1068, 1072 (2007) (Young, J. concurring); see also Christopher Doyle, Collateral Damage, 96-Mar. Mich. Bar J. 32, 34 n.13 (2017) (collecting cases). Under the statutory rule, when personal injury verdicts involve damages for “medical care,” “loss of earning capacity, or other economic loss,” the Court must “reduce that portion of the judgment which represents damages paid or payable by a collateral source.” Mich. Comp. Laws § 600.6303(1). A “‘collateral source’ means benefits received or receivable from an insurance policy.” § 600.6303(4). And “benefits

from a collateral source” are not “considered payable or receivable unless” the Court finds an “existing contractual or statutory obligation” for the “collateral source to pay the benefits.” § 600.6303(5). When a court renders a verdict for a plaintiff, it must issue judgment for “[a]ll past economic damages, less collateral source payments as provided for in section 6303.” § 6306(1)(a). The judgment must include “[a]ll future economic damages, less

medical and other health care costs and less collateral source payments determined to be collectible under section 6303(5), reduced to gross present cash value.” § 6306(1)(c).

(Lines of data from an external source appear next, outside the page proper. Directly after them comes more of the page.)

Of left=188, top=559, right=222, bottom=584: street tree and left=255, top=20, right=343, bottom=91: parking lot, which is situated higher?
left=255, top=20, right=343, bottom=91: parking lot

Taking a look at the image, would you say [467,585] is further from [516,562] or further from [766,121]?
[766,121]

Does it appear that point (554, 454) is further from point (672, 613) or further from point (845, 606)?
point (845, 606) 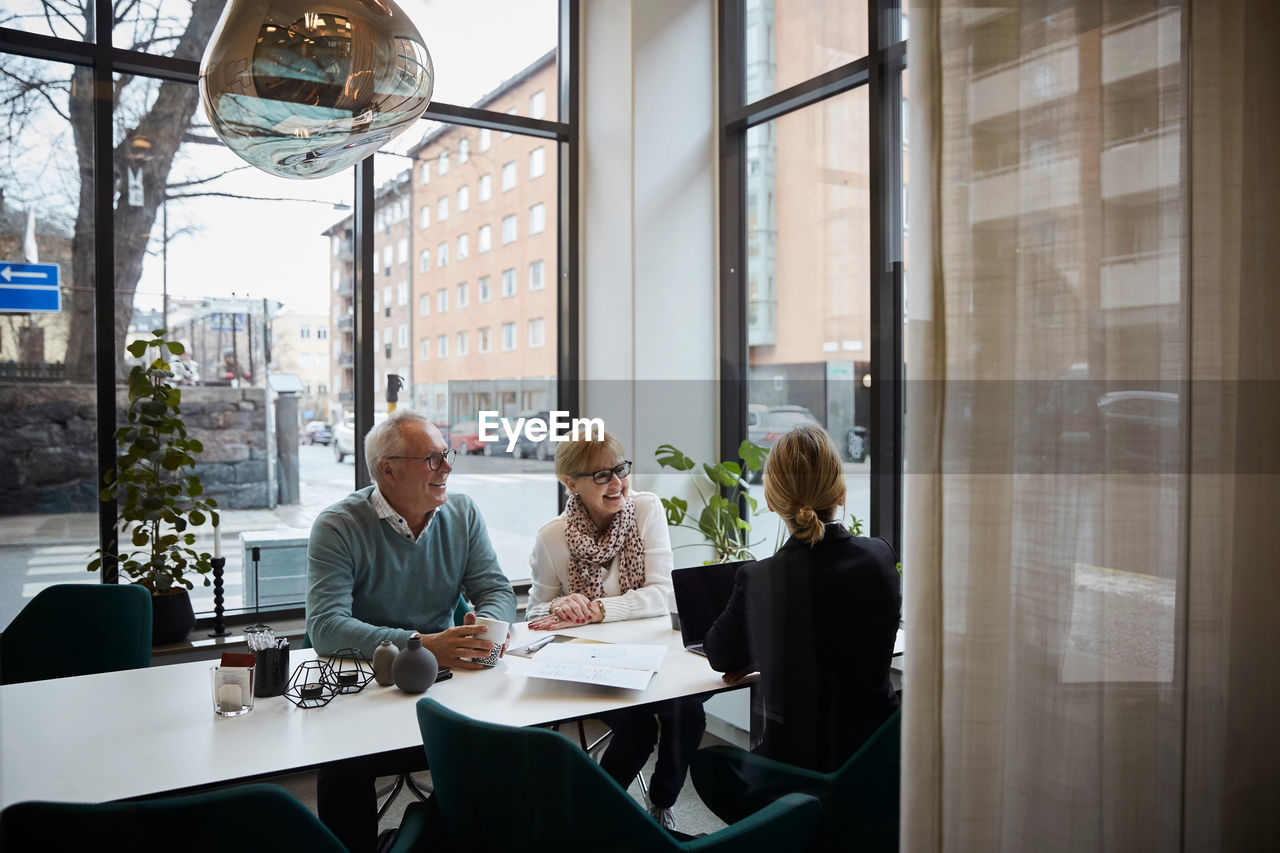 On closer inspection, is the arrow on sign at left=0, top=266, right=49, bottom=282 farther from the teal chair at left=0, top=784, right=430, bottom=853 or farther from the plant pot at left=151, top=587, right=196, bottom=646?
the teal chair at left=0, top=784, right=430, bottom=853

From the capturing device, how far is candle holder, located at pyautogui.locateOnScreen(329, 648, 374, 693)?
204cm

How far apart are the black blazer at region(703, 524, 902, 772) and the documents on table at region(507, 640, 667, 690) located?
320 millimetres

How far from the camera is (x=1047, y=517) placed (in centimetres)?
131

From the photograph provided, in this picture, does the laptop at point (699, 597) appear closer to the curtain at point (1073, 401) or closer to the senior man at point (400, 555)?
the senior man at point (400, 555)

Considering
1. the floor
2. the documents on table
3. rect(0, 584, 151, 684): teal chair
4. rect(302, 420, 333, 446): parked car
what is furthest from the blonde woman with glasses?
rect(302, 420, 333, 446): parked car

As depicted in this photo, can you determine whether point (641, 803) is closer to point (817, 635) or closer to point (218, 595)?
point (817, 635)

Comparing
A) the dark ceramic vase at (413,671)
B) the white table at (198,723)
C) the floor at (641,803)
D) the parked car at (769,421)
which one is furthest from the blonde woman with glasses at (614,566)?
the parked car at (769,421)

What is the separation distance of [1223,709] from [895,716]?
0.63 meters

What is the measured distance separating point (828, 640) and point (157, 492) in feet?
8.70

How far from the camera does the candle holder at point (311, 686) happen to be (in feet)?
6.38

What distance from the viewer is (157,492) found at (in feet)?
10.9

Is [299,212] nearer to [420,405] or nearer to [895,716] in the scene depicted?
[420,405]

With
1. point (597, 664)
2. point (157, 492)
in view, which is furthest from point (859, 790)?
point (157, 492)

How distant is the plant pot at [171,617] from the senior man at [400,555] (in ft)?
3.92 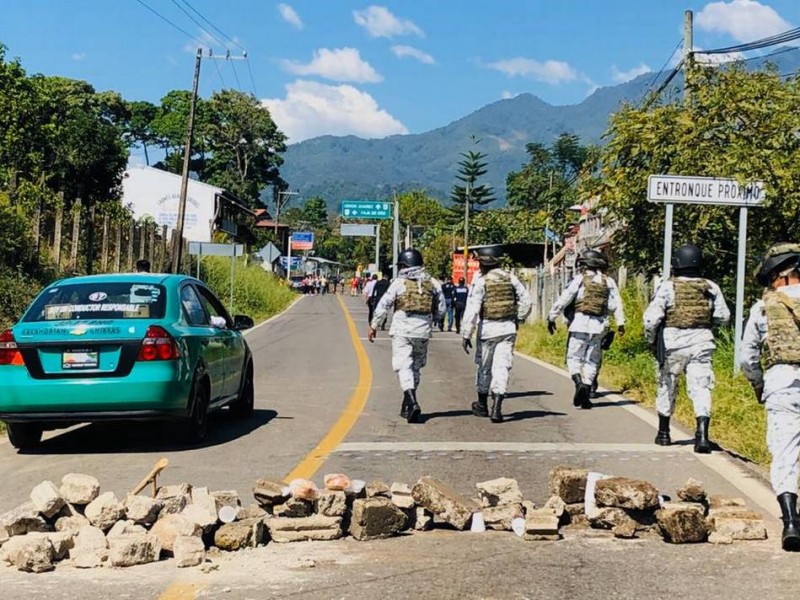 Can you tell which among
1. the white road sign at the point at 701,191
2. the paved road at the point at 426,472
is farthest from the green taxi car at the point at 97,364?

And it must also include “[a]ll future medical and other health care costs, reduced to gross present cash value.” § 600.6306(1)(d). But “Sections 6306(1)(c), (d) . . . do not apply to a plaintiff who is 60 years of age or older at the time of judgment.” § 600.6311. II. Section 6311 The parties agree that Section 6311 applies here because Plaintiff’s husband is more than sixty years old. ECF 32, PgID 234; ECF 33, PgID 397; see Shinholster v.

Annapolis Hosp., 471 Mich. 540, 570–71 (2004) (noting that the age of the real party in interest—not the age of the estate representative—determines whether Section 6311 applies). The parties, however, disagree about how to read Section 6311. ECF 32, PgID 234; ECF 33, PgID 397. Simply put, Section 6311 is not as far reaching as Defendant stressed. Defendant reasoned that Section 6311’s plain text bars Sections 6306(1)(c), (d). (“Sections 6306(1)(c), (d) . . . do not apply to a plaintiff who is 60 years of age or older

at the time of judgment.”). But Michigan Courts have read Section 6311 to merely prevent a court from “reduc[ing] any future damages award to plaintiff to their present value.” Shinholster, 471 Mich. at 572.